Spatial and temporal scaling of intercellular CO2 concentration in a temperate rain forest dominated by Dacrydium cupressinum in New Zealand

Seven methods, including measurements of photosynthesis (A) and stomatal conductance (g(s)), carbon isotope discrimination, ecosystem CO2 and water vapour exchange using eddy covariance and the use of a multilayer canopy model and ecosystem Keeling plots, were employed to derive estimates of intercellular CO2 concentration (C-i) across a range of spatial and temporal scales in a low productivity rain forest ecosystem dominated by the conifer Dacrydium cupressinum Lamb. in New Zealand. Estimates of shoot and canopy C-i across temporal scales ranging from minutes to years were remarkably similar (range of 274-294 mu mol mol(-1)). The gradual increase in shoot C-i with depth in the canopy was more likely attributable to decreases in A resulting from lower irradiance (Q) than to increases in g(s) due to changes in air saturation deficit (D). The lack of marked vertical gradients in A and g(s) at saturating Q through the canopy and the low seasonal variability in environmental conditions contributed to the efficacy of scaling C-i.
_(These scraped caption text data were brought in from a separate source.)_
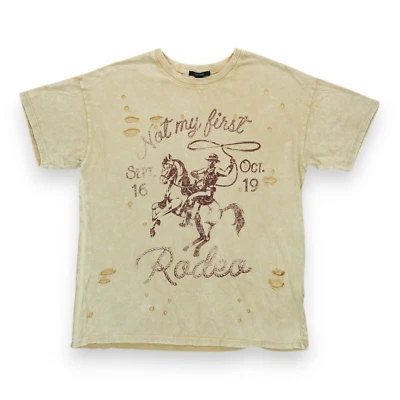Camiseta Forever 21 de gran tamaño para mujer desgastada gráfico de rodeo caballo vaquero talla S Foto 1 de 4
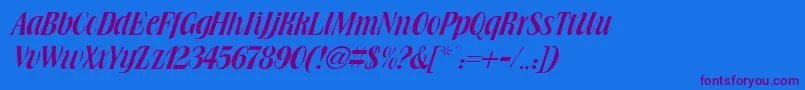 BrowningRegularDb Font – Purple Fonts on Blue Background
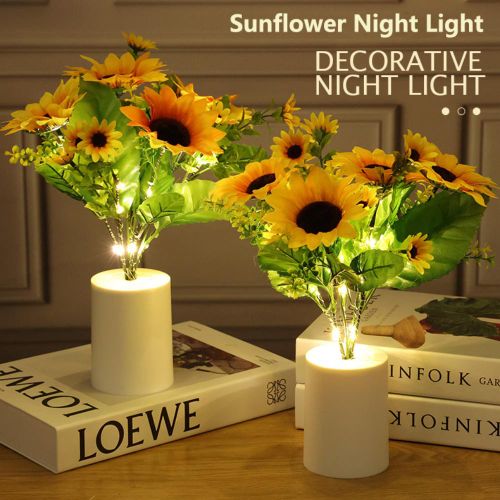 2pcs LED Sunflower Lamp - Artificial Flower Night Light for Home & Office Decor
However, the canopy C-i estimate calculated from the carbon isotope composition of respired ecosystem CO2 (delta C-13(R); 236 mu mol mol(-1)) was much lower than other estimates of canopy C-i. Partitioning delta C-13(R) into four components (soil, roots, litter and foliage) indicated root respiration as the dominant (> 50%) contributor to delta C-13(R). Variable time lags and differences in isotopic composition during photosynthesis and respiration make the direct estimation of canopy C-i from delta C-13(R) problematic.